More diverse books are being published, but most of those books are being written by white authors. This discrepancy—authors writing outside their lived experiences—can sometimes result in characters and situations that are stereotypical, insensitive, or otherwise inaccurate. Of course, any time an author writes outside their experience (as most authors do), there’s a high likelihood that mistakes will happen. Most of the time, these errors are benign; they may stop a reader who knows better, but the general public will likely never realize the inaccuracy. (One example of a recent low-stakes error: in her debut novel What We Lose, author Zinzi Clemmons mixed up the location of the Columbia River in a scene set in Portland.)

Rivers are one thing; racial stereotypes are another. Even authors with the best of intentions can, through sheer ignorance, inadvertently perpetuate harmful ideas.

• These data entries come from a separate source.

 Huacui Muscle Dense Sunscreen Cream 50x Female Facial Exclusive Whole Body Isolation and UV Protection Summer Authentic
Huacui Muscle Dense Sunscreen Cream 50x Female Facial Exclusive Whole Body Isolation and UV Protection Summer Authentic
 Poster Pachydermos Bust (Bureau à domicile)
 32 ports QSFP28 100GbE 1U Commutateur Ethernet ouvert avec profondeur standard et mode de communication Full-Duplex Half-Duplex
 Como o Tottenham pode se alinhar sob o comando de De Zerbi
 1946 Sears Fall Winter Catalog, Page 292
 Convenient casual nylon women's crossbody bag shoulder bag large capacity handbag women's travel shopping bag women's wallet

This problem is not exclusive to white authors, either; e. E. Charlton-Trujillo, a Mexican American author, faced criticism in 2016 for what some called stereotypical portrayals of Black characters in early copies of her book When We Was Fierce. The publisher, Candlewick Press, has indefinitely delayed the book’s publication; Charlton-Trujillo does not list the book on her website.

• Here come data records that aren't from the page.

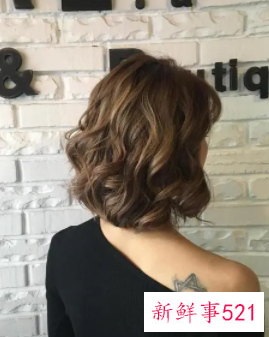 比较好看的短发发型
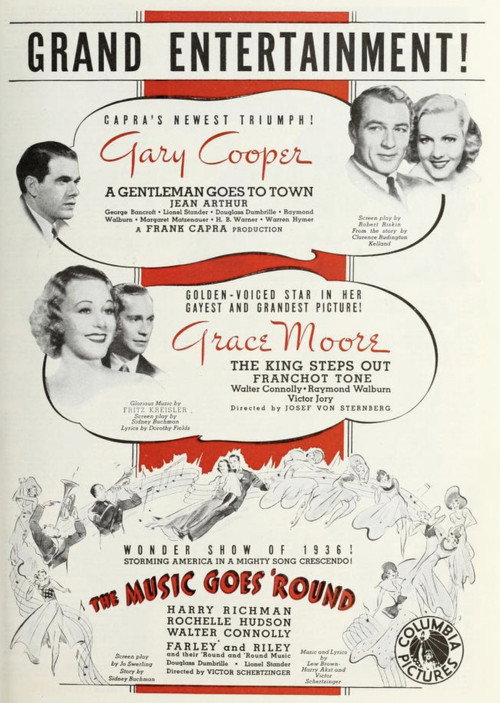 The Music Goes 'Round Poster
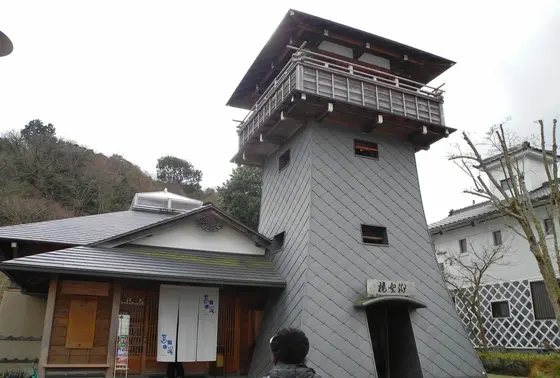 意外に眺めが良い仰空楼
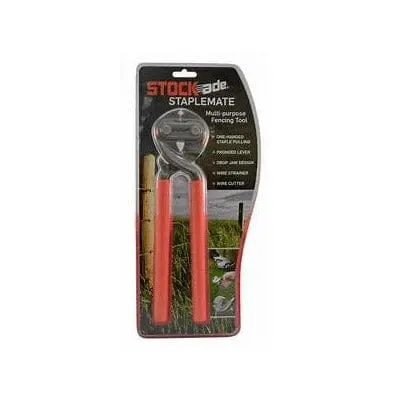 Stockade Heavy-Duty Staple Puller Tool For Fencing And Landscaping 1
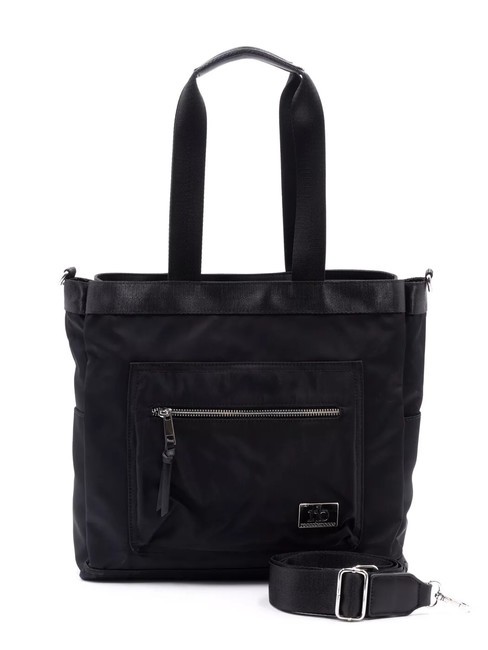 ROCCOBAROCCO GLORIA Sac bandoulière avec bandoulière noir - Sacs pour Femme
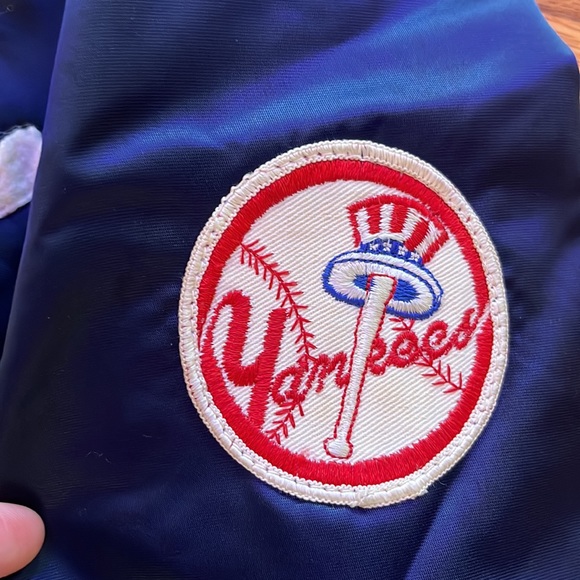 Vintage Yankee Bomber Jacket - Picture 4 of 8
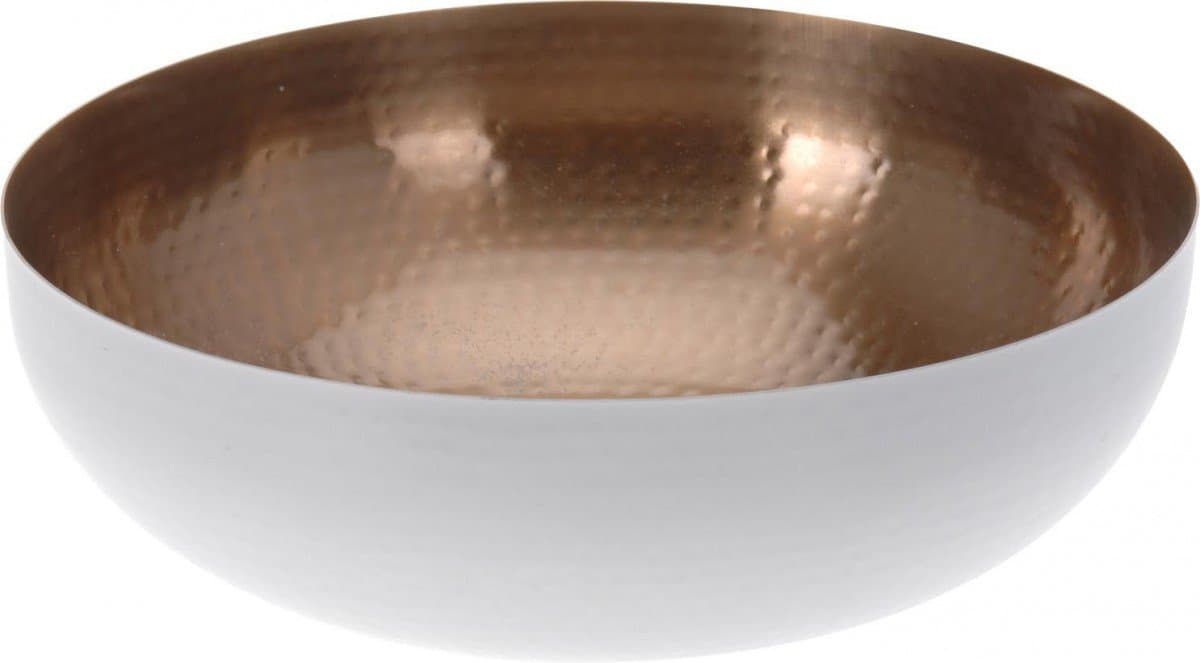 Homania Generic Decorative Bowl – White Collection (Ø 21 cm)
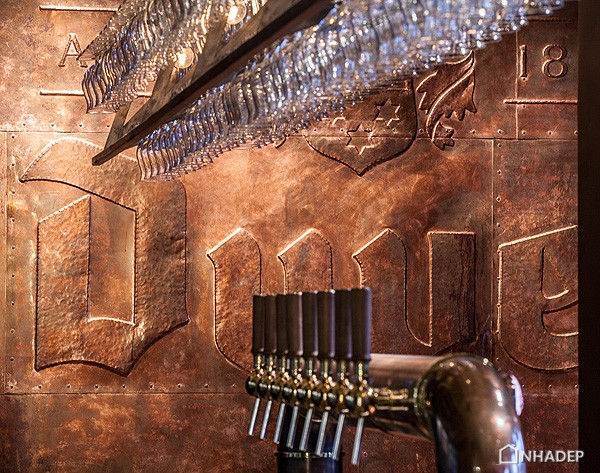 Duvelorium（杜威乐啤酒第一家饮品店）丨来自比利时安特卫普的Puresang设计室-10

In an effort to avoid the fate of When We Was Fierce, authors and publishers are turning to sensitivity readers. Although editors, copyeditors, and proofreaders are expected to flag problematic portrayals and instances of biased language, they, like the author, can’t know what they don’t know. Publishers hire sensitivity readers who share lived experience with certain characters or situations to ensure the portrayal is accurate and presented in an unbiased way. In many cases, multiple sensitivity readers are required to review different aspects of the story; Dhonielle Clayton, who founded the #OwnVoices movement to highlight authors of marginalized identities who were writing books within their lived experiences, hired eight readers for her book The Belles.

Although #OwnVoices is in some ways a response to this trend of authors writing outside their identity, Clayton maintains that authors can and should write about whatever they want. According to Clayton, characters that are one-dimensional or based in stereotypes are, by their nature, poorly written. As she said in an article in Publishers Weekly, “Writers should write what they want to write, but they should aim to do it well.”

Like editors, copyeditors, and proofreaders, sensitivity readers are just another important step in the publishing process. Readers deserve books in which they see themselves and their experiences portrayed with nuance, accuracy, and compassion.